[Records drawn from a dataset]

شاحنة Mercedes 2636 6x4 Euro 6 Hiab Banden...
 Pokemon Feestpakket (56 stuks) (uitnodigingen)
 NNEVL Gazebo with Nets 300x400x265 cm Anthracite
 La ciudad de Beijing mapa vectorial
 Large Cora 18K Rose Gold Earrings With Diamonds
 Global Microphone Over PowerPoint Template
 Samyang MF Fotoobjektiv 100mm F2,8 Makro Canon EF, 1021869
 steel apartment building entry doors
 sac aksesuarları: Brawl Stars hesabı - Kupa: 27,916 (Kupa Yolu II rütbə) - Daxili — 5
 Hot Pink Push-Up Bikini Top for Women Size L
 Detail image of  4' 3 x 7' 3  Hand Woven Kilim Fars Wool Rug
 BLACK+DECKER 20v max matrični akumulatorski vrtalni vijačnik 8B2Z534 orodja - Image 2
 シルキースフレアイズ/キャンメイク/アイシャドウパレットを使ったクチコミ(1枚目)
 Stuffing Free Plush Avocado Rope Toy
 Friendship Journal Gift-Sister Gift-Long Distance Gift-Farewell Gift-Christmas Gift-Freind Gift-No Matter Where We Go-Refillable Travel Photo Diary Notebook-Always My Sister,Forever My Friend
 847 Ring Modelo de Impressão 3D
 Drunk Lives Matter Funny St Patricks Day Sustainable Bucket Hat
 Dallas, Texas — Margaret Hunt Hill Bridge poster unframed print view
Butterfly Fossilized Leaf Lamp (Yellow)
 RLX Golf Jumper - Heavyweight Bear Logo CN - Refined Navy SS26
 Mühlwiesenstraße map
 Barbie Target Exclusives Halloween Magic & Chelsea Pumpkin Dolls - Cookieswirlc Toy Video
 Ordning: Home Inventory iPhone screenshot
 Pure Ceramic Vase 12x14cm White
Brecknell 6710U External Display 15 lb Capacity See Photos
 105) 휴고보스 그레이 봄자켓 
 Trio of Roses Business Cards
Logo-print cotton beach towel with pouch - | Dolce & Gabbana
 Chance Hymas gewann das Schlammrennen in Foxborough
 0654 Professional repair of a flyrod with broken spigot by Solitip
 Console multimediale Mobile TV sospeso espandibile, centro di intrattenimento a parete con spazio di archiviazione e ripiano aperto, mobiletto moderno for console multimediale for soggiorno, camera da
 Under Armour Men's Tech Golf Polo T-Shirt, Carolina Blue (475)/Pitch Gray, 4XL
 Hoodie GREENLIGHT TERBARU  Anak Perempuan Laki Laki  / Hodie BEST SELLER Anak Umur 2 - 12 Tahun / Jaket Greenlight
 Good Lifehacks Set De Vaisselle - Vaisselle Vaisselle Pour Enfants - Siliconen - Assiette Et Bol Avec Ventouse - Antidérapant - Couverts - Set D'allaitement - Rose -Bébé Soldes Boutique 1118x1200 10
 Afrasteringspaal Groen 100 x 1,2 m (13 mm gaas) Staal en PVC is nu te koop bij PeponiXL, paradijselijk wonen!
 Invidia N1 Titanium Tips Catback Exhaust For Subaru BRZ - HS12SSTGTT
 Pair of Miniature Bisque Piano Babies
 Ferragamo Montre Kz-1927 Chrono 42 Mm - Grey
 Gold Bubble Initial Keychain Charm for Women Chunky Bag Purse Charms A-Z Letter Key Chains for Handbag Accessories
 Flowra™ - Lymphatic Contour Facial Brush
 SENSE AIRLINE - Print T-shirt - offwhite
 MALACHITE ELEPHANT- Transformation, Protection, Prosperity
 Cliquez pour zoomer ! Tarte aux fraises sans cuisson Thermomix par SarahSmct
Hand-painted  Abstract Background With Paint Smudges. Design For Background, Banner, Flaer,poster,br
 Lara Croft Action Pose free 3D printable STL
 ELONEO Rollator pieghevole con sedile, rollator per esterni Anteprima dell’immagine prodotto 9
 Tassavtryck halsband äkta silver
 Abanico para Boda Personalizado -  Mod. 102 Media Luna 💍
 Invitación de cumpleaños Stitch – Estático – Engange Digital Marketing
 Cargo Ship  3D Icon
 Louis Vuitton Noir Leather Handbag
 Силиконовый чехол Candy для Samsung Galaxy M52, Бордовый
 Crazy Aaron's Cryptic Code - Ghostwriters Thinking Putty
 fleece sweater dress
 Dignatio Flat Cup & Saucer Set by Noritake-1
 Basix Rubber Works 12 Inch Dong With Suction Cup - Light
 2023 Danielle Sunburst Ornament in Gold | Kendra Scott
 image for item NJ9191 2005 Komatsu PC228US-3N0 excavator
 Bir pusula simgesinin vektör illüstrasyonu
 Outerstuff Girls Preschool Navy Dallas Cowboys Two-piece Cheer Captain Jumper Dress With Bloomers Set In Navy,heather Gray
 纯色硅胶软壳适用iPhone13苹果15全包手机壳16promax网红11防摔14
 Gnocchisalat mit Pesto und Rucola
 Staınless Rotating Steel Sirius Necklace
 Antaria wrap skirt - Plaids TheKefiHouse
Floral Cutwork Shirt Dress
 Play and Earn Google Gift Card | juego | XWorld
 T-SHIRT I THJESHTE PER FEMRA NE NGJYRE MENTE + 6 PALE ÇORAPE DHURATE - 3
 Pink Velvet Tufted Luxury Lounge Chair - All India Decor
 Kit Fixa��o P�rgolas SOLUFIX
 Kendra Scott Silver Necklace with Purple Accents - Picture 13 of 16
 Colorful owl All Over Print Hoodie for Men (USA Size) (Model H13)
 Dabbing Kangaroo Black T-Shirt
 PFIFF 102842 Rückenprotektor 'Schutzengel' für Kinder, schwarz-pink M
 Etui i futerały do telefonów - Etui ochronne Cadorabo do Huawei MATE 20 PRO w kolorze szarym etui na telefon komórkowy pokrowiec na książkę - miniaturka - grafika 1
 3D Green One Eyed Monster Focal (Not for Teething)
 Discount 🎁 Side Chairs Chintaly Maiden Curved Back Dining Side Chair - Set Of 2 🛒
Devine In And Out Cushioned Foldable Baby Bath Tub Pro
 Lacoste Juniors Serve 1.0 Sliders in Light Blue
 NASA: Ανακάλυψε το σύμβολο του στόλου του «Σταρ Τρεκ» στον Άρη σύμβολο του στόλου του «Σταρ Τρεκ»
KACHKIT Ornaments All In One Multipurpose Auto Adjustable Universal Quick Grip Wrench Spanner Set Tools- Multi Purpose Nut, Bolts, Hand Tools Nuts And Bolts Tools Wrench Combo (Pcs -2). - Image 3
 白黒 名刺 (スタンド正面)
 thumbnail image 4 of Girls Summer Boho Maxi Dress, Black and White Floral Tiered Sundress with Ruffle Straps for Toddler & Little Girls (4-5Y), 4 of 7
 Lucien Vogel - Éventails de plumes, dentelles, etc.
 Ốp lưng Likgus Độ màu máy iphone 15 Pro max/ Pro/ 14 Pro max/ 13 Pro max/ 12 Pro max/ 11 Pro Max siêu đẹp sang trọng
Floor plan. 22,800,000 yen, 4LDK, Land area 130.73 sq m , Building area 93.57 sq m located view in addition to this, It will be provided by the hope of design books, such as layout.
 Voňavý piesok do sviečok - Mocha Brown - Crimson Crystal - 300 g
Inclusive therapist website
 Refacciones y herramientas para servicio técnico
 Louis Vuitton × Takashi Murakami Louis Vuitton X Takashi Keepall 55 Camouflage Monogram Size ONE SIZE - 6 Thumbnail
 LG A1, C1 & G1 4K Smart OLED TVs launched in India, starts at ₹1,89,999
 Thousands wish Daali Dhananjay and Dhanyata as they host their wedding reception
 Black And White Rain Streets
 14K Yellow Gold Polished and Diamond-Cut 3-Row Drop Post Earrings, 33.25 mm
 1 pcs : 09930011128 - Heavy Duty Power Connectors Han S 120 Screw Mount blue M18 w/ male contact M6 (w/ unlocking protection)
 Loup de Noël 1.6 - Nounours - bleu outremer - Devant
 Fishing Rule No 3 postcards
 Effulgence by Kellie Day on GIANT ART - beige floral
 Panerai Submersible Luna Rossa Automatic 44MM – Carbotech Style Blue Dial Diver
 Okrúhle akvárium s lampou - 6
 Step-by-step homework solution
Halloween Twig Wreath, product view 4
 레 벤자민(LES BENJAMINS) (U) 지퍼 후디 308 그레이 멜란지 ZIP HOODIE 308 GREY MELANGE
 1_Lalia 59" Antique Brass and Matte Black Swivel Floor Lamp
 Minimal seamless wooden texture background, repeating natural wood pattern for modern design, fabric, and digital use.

• _What is required_:
Beginning with the line that has "シルキースフレアイズ/キャン" and ending with the line that has "Mühlwiesenstraße map", set down the lines above exactly and include no others.

• _Solved problem_:
 シルキースフレアイズ/キャンメイク/アイシャドウパレットを使ったクチコミ(1枚目)
 Stuffing Free Plush Avocado Rope Toy
 Friendship Journal Gift-Sister Gift-Long Distance Gift-Farewell Gift-Christmas Gift-Freind Gift-No Matter Where We Go-Refillable Travel Photo Diary Notebook-Always My Sister,Forever My Friend
 847 Ring Modelo de Impressão 3D
 Drunk Lives Matter Funny St Patricks Day Sustainable Bucket Hat
 Dallas, Texas — Margaret Hunt Hill Bridge poster unframed print view
Butterfly Fossilized Leaf Lamp (Yellow)
 RLX Golf Jumper - Heavyweight Bear Logo CN - Refined Navy SS26
 Mühlwiesenstraße map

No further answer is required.